Props to Gothamist for providing a solid and concise summary.

Right, blame Obama for the economy he's inheriting.

I think that commentator was more or less mocking the Obamaholics and developers who drank the government's Kool-Aid. The idea by both parties that everyone should own a home was absurd. Obama wasn't the root cause of the problem, but he wasn't the solution. As a Senator, did he ever understand the collusion and inherent hazard with Fannie, Freddie, and Ginnie? That was part of his responsibility along with every other Senator and Congressman. They all let us down by promoting a secondary securitization market. So I do blame Obama, partly.

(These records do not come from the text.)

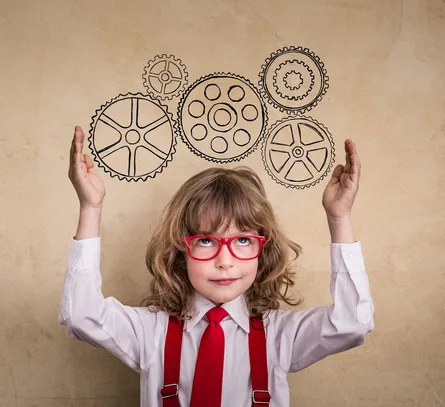 Girl with gears on her hands
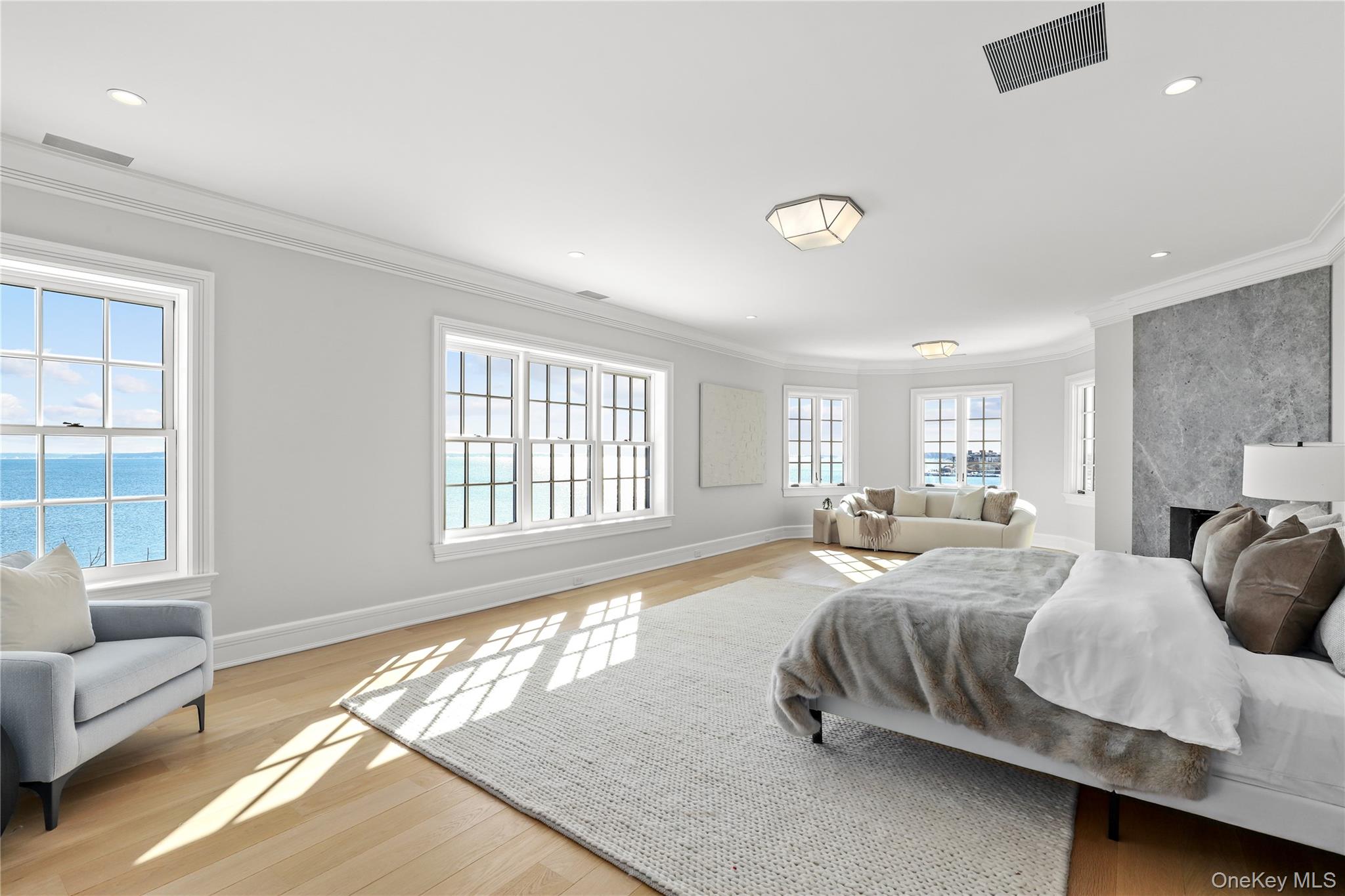 104 Premium Point Larchmont, NY 10538 - Photo 20 of 41 a bedroom with a bed and a couch
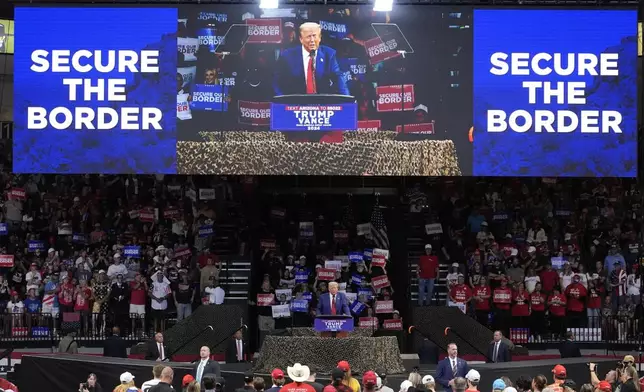 Republican presidential nominee former President Donald Trump speaks at a campaign rally at the Findlay Toyota Arena Sunday, Oct. 13, 2024, in Prescott Valley, Ariz. (AP Photo/Ross Franklin)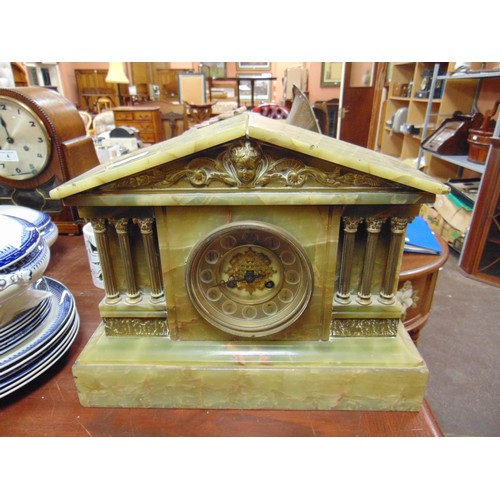 480 - An onyx antique mantle clock, having Arabic numerals.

And the party is over. Wait until foreign investors pull out of US assets and all the ARMs reset to higher rates. Not to mention even people in 30 year fixed rates are going to struggle to make payments if they're unemployed.

These Wall St douchebags and their ill-gotten gains drove-up NYC RE prices to astronomically ridiculous heights, pricing even upper middle class people completely out of the market not to mention the working middle class.

Having them out of the picture now is like pulling a painful thorn from your azz: you should feel nothing but RELIEF!!!!!!!!!

These Wall St douchebags and their ill-gotten gains drove-up NYC RE prices to astronomically ridiculous heights, pricing even upper middle class people completely out of the market not to mention the working middle class.

Prices can't be driven up artifically unless there's free money to use. And that's what the moral hazard of Fannie, Freddie, and Ginnie created---a secondary market and easy money.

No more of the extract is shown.